TO DO:
Repeat only the lines from the one that contains "Foto 173fe1e6-619b-4725-8f0a-bd96b795c4cc. Location" through the final line of the listing below, exactly, please, without pictures.

DATA SUPPLIED:
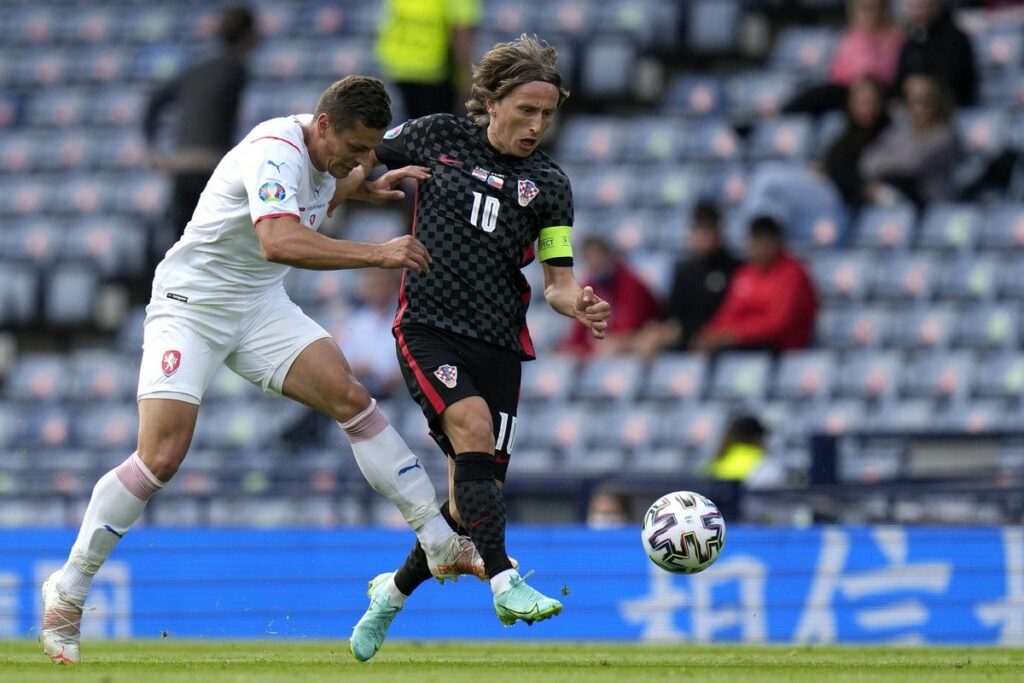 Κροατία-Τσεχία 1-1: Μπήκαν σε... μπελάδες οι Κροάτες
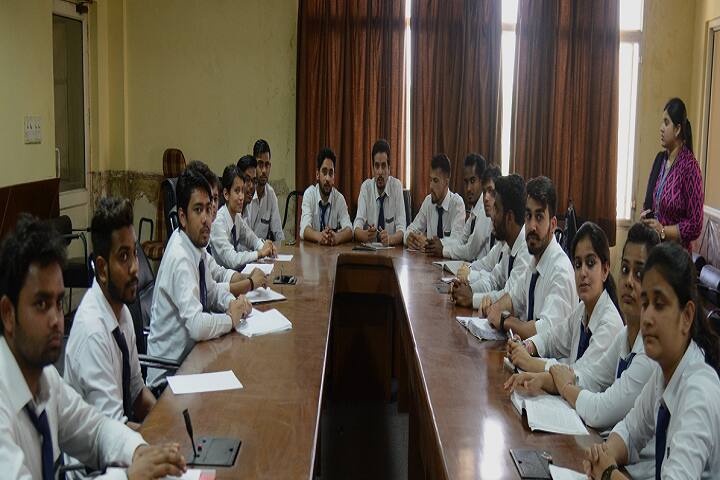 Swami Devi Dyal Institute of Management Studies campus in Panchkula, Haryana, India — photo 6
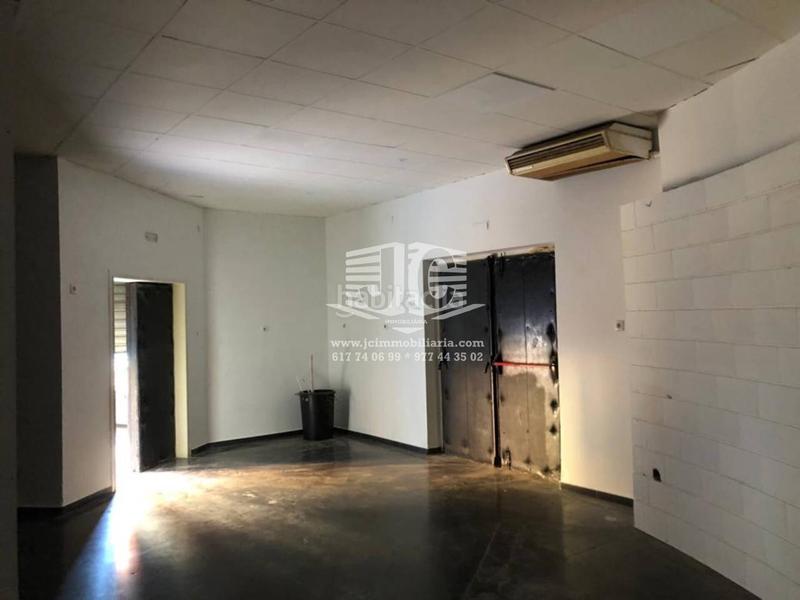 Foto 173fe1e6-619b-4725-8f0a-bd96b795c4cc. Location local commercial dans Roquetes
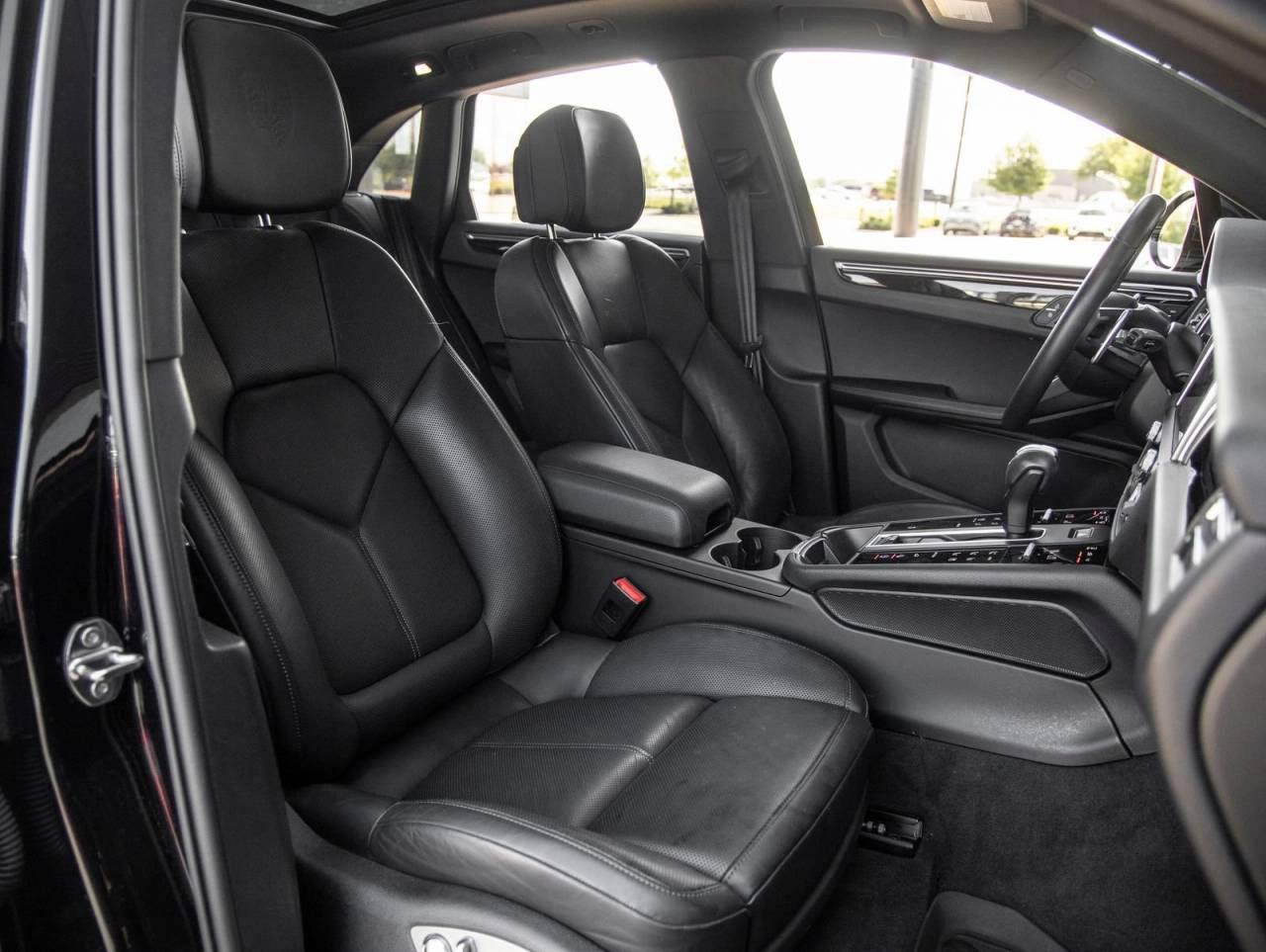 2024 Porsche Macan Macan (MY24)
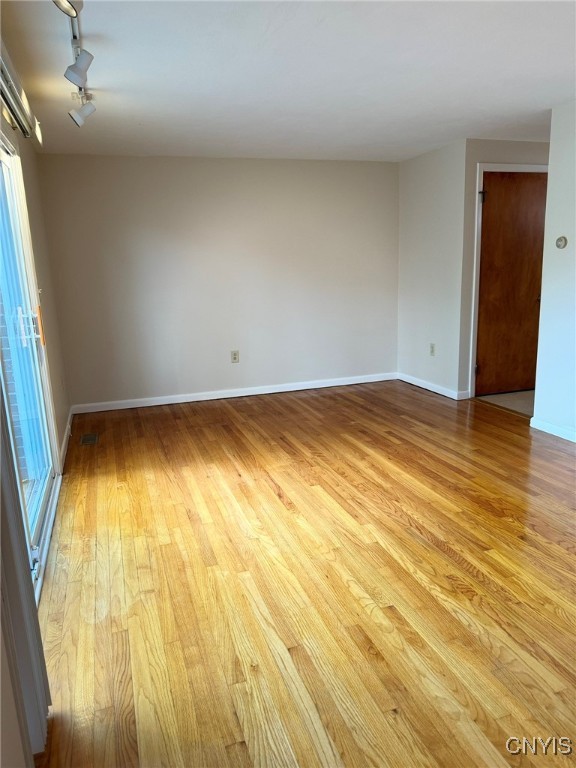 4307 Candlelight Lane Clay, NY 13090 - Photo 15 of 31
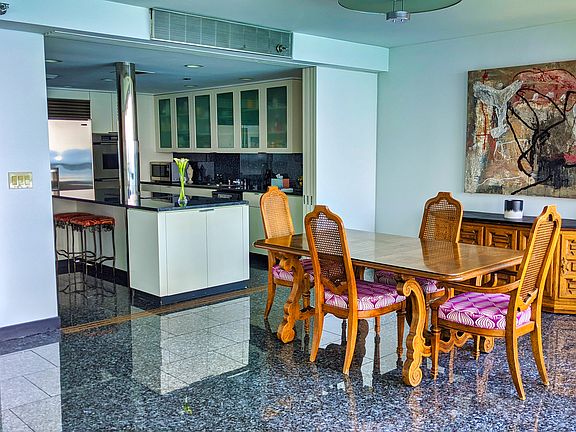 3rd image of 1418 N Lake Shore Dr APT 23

RESULT BELOW:
 Foto 173fe1e6-619b-4725-8f0a-bd96b795c4cc. Location local commercial dans Roquetes
 2024 Porsche Macan Macan (MY24)
 4307 Candlelight Lane Clay, NY 13090 - Photo 15 of 31
 3rd image of 1418 N Lake Shore Dr APT 23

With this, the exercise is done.